First some background. This won't be new to many of you, but I'll include it anyway. During the week of June 18 to June 25, as the Reddit migration to Lemmy was in full swing, there was a surge of suspicious account creation on Lemmy instances that had open registration and no captcha or email verification. Hundreds of thousands of accounts appeared and then sat inactive. We can only guess what they’re for, but I assume they are being planted for future malicious use (spamming ads, subversive electioneering, influencing upvotes to drive content to our front pages, etc.)

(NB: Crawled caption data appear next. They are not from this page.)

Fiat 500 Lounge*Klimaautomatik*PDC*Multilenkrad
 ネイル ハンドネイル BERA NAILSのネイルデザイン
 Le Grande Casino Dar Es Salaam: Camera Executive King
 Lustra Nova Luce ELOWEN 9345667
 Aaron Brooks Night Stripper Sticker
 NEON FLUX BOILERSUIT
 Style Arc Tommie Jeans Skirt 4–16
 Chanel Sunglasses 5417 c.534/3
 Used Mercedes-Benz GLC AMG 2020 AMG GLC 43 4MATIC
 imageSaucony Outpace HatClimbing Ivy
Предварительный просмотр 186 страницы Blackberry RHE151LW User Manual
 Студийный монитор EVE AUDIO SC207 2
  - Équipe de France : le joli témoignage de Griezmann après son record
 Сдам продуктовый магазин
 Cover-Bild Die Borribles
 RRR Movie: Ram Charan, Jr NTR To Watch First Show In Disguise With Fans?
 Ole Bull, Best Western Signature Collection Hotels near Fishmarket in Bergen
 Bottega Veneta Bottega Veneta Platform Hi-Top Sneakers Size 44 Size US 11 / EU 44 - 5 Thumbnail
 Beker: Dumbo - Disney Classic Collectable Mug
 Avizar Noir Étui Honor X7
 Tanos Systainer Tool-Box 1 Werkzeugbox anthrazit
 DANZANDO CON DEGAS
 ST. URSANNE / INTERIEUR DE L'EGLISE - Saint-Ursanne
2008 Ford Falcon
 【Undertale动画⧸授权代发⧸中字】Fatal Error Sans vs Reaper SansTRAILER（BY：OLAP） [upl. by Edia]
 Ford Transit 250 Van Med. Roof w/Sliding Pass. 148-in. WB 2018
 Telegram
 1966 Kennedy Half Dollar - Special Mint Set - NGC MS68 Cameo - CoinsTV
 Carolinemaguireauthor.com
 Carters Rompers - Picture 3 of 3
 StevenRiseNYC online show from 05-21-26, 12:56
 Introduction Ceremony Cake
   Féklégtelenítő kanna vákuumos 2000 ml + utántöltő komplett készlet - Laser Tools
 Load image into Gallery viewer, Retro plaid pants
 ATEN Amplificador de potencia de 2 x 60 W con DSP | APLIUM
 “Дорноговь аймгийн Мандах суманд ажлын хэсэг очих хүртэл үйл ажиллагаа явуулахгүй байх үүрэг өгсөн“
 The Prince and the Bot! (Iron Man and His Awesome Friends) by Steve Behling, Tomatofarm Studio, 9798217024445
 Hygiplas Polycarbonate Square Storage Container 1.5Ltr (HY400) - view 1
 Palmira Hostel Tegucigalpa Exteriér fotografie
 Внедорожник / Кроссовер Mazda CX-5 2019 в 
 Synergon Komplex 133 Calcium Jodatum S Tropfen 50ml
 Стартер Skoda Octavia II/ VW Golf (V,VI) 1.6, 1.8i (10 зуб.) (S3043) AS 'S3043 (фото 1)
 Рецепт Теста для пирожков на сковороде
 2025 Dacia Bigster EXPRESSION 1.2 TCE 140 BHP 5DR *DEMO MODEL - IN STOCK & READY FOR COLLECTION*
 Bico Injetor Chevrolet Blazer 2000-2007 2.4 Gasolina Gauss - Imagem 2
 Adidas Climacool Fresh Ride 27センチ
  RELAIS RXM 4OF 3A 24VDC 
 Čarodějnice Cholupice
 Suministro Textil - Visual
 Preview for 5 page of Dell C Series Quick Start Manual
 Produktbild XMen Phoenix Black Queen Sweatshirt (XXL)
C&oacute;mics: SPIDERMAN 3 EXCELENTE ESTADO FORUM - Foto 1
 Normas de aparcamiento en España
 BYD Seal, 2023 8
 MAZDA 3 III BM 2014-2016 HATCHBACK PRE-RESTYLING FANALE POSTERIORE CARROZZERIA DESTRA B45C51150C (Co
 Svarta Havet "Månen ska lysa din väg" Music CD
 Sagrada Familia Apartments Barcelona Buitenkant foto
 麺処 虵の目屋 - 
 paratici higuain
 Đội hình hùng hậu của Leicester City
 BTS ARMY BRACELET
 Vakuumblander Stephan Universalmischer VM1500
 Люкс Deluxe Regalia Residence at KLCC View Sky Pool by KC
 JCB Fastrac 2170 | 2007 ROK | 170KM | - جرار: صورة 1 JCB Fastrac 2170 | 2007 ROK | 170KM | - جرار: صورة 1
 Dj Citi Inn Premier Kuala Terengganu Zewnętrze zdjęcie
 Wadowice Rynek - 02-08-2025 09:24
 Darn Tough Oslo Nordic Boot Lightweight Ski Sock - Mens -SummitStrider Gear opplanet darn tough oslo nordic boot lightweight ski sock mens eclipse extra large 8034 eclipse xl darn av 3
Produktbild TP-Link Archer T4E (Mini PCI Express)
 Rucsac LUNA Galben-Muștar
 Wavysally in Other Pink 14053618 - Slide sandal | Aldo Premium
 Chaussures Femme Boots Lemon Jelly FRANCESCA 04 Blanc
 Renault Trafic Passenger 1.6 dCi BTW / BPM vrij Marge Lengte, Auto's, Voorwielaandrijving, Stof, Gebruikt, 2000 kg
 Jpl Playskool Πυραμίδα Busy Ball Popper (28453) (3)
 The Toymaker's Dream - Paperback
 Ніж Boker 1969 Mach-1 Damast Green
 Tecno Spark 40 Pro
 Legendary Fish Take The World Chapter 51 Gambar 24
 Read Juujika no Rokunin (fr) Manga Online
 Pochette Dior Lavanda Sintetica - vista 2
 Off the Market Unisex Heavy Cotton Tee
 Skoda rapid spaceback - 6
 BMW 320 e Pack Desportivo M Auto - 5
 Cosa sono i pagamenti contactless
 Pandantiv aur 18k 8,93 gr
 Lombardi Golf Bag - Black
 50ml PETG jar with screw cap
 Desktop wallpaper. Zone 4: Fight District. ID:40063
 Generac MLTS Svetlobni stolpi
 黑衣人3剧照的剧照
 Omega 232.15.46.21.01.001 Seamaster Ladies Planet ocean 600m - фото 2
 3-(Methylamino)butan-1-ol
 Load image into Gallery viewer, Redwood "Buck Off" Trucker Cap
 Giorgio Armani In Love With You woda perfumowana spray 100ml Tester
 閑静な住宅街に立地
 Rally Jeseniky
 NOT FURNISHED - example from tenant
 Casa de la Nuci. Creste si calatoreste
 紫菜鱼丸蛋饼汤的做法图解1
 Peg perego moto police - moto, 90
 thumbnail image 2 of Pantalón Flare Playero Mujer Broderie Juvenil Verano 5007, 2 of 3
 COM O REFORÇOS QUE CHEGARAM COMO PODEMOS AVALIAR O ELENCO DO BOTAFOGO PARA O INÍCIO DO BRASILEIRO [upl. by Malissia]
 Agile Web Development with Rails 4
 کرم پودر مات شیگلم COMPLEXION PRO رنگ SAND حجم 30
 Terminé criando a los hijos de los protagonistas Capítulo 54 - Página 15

If you look at the stats on The Federation you might notice that even the shape of the Total Users graphs are the same across many instances. User numbers ramped up on June 18, grew almost linearly throughout the week, and peaked on June 24. (I’m puzzled by the slight drop at the end. I assume it's due to some smoothing or rate-sensitive averaging that The Federation uses for the graphs?)
Here are total user graphs for a few representative instances showing the typical shape:
Clearly this is suspicious, and I wasn’t the only one to notice. Lemmy.ninja documented how they discovered and removed suspicious accounts from this time period: (https://lemmy.ninja/post/30492). Several other posts detailed how admins were trying to purge suspicious accounts. From June 24 to June 30 The Federation showed a drop in the total number of Lemmy users from 1,822,313 to 1,589,412. That’s 232,901 suspicious accounts removed! Great success! Right?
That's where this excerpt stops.